|Hell's that way, save me a pew (2013) Kodakotype by Pants|
Millions of us have anticipated this day and wondered how we would feel. The woman we only ever referred to by her last name is dead. In truth I feel nothing. It's just too late for celebrating. I departed Britain five years ago. Thatcher departed relevance in 1990. The manner of her ejection from power left little scope for further direct influence. We were grateful for small mercies. One day Godzilla in a pussy bow, the next - an historical curiosity. We can't so easily shed her, er, legacy.
Legacy is generally assumed to be a benevolent word. The OED's primary definition is 'an amount of property or money left to someone in a will.' Here in Australia, it's the name given to the organisation that helps the families of fallen soldiers. Then there's the apposite secondary interpretation - 'something left or handed down by a predecessor'. Consider the example given,
'the legacy of centuries of neglect'.
That phrase could have been written for Margaret Hilda Thatcher (1925-2013), except she didn't need centuries - a decade was enough. In 1945, Britain lay in ruins after six years of war. By sheer determination and with the collective cooperation of the people, it forged itself into a new welfare state. Fifteen years later, that project was complete. Now, more than twenty years after Thatcher merely removed its foundations and supporting beams, it has not been rebuilt. A Labour government, given thirteen years couldn't, (or perhaps wouldn't), fix it. I think it's fair to say that Thatcher was more destructive to Britain than Hitler was. Why? Because she achieved the one thing that Hitler couldn't - she destroyed the people's spirit.
Dementia is a terrible disorder but one could almost resent Thatcher for acquiring it in later life. The memories of all the dreadful things she did conveniently erased, she was relieved of the responsibility of self-critical reflection once her cannibalistic chickens had all come home to roost. Lists of her misdeeds and the permanent damage of her anti-social onslaught on the country she apparently loved so dearly are rolling out. It's a prodigious record which doesn't need to be regurgitated here.
Instead, I'd like to make a couple of comments about one of the demolished foundations of the welfare state about which I do know a little something - social housing. When council tenants were given the right to buy the houses and flats for which many of them had been paying rent for a generation or more, I did not object. I was a council tenant myself by then and thought the principle sound. Working class people should have a place on the property ladder. The money that tenant buyers paid could have and should have been used to fund investment in new council rental properties - except that's not what happened.
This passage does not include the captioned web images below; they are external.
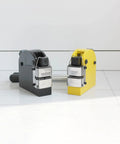 Heavy Duty Metal Shrinker Stretcher Set For 16 To 18 Gauge Fabrication, visible in black and yellow units on white background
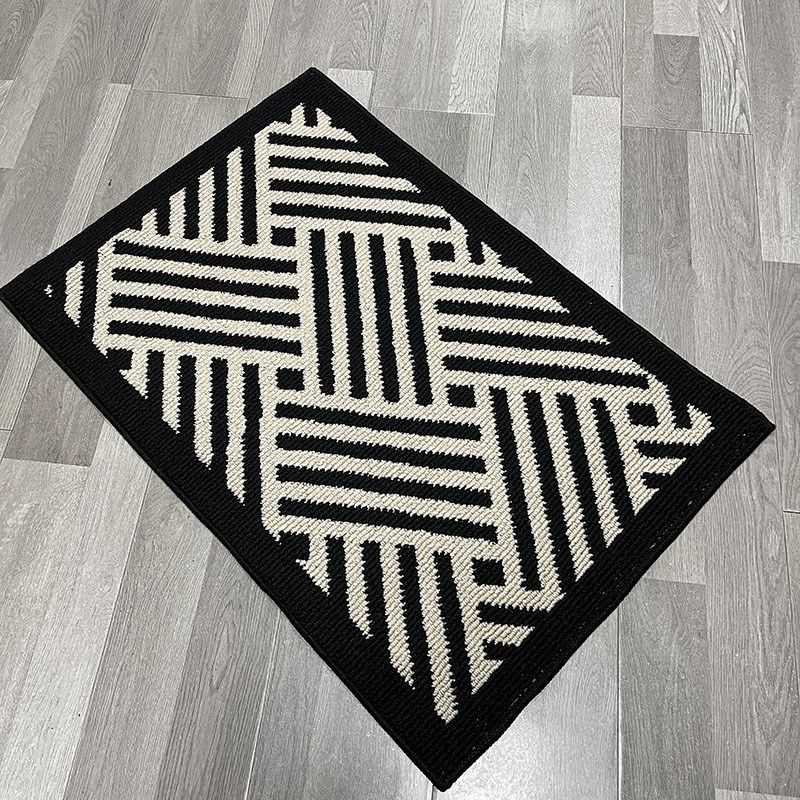 奶油风入户门脚垫进门地垫家用门垫玄关耐脏门口防滑垫可机洗黑白,居家布艺,入户地垫,淘宝优惠券,粉丝福利购,淘宝优惠卷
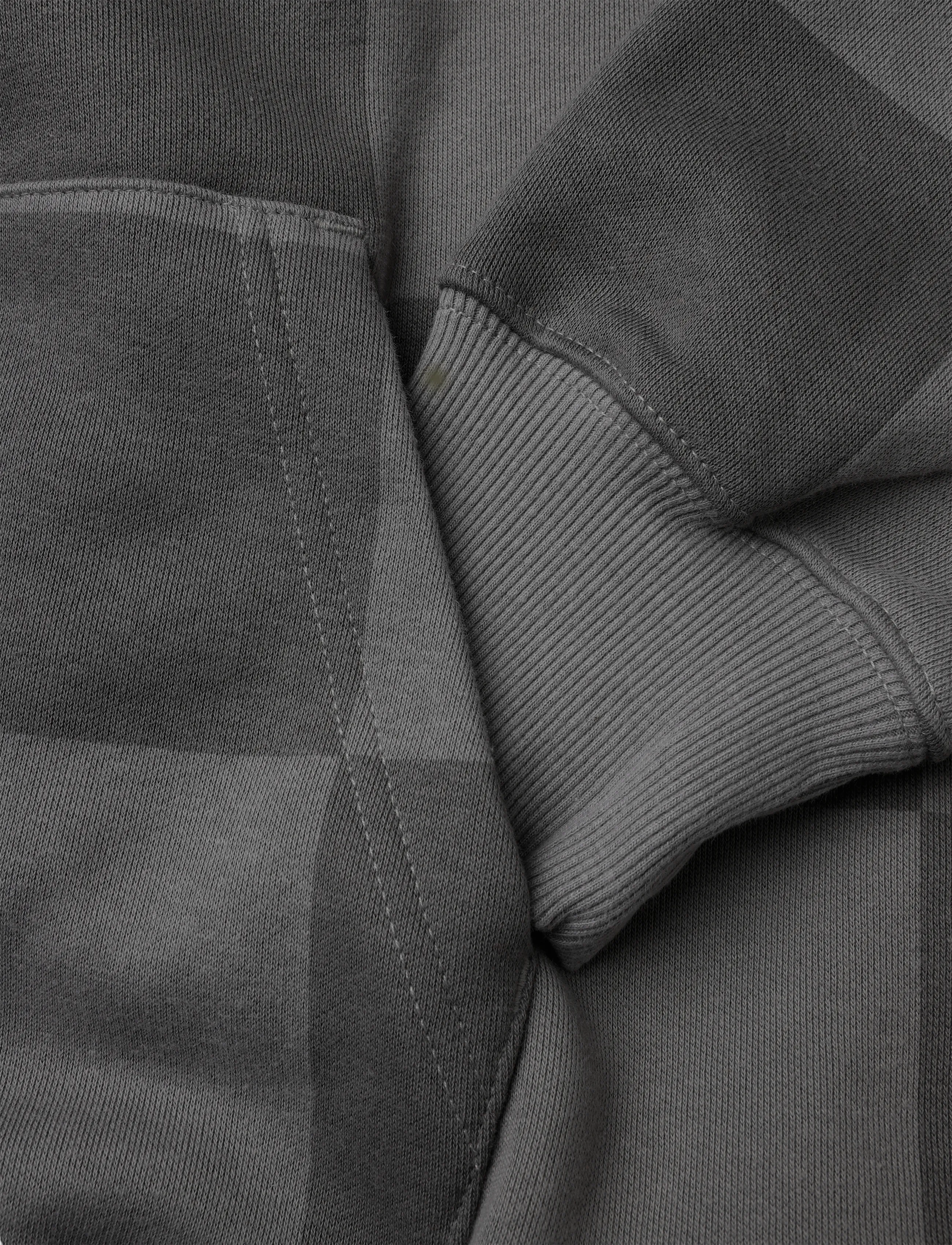 VANS - Tonal Check Stretch Logo Pullover - sweatshirts - pewter - 3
The tenants who did buy initially were the ones with the best properties. They were also the best rent-payers. Very quickly, the most cost-effective housing moved into private hands leaving many councils carrying maintenance costs well in excess of the rents they were able to collect. At the same time all this was going on, Thatcher managed to abolish the Greater London Council, leaving one of the great cities of the world without a unifying authority. I'm still reeling from the shock of that. The GLC also owned many large housing estates. These were transferred to local authorities who did not have anything like the resources or capacity to deal with the management and maintenance of them. I was a tenant on one of those estates. The money collected from the sales of council houses and flats was frozen for about fifteen years. In that time, the cost of property in London quadrupled. Never again would it be viable to build social housing on a scale that would allow working-class families to stay close in the neighbourhoods in which they'd lived for generations.
When Thatcher said, 'there's no such thing as society', she was wrong. There was such a thing when she said it and there will remain such a thing long after the memory of her destructiveness fades. I'm glad I lived in London during most of her reign. I know who she was. I lived under her tyranny. I can also say it was exhilariting to be a young person in that situation. You really want someone to kick against and she was certainly an inspirational adversary.
The news of her death came in strange circumstances. I was watching Q&A, a political panel discussion here in Australia. Unusually, the show featured a panel of women. Germaine Greer was the star pull. Also appearing were Brooke Magnanti (aka Belle de Jour), Aboriginal opera star Deborah Cheetham and a couple of local journalists. Towards the end, the male host dropped the btw that Thatcher had just died into the discussion. It was taken up by the panel as a hypothetical. Perhaps they didn't realise it had actually happened? I switched over to our insanely inadequate at the best of times ABC News 24 and it was live-streaming BBC. She had indeed died and there was clearly no love lost. Grudging footage was offered by presenters who were demonstrably bored by having to continuously loop these scant offerings.
Make no mistake - as a grunt who had to live with the 'legacy' of her decisions, I hated her. But I did have a moment when I thought, hey, isn't she more than a footnote?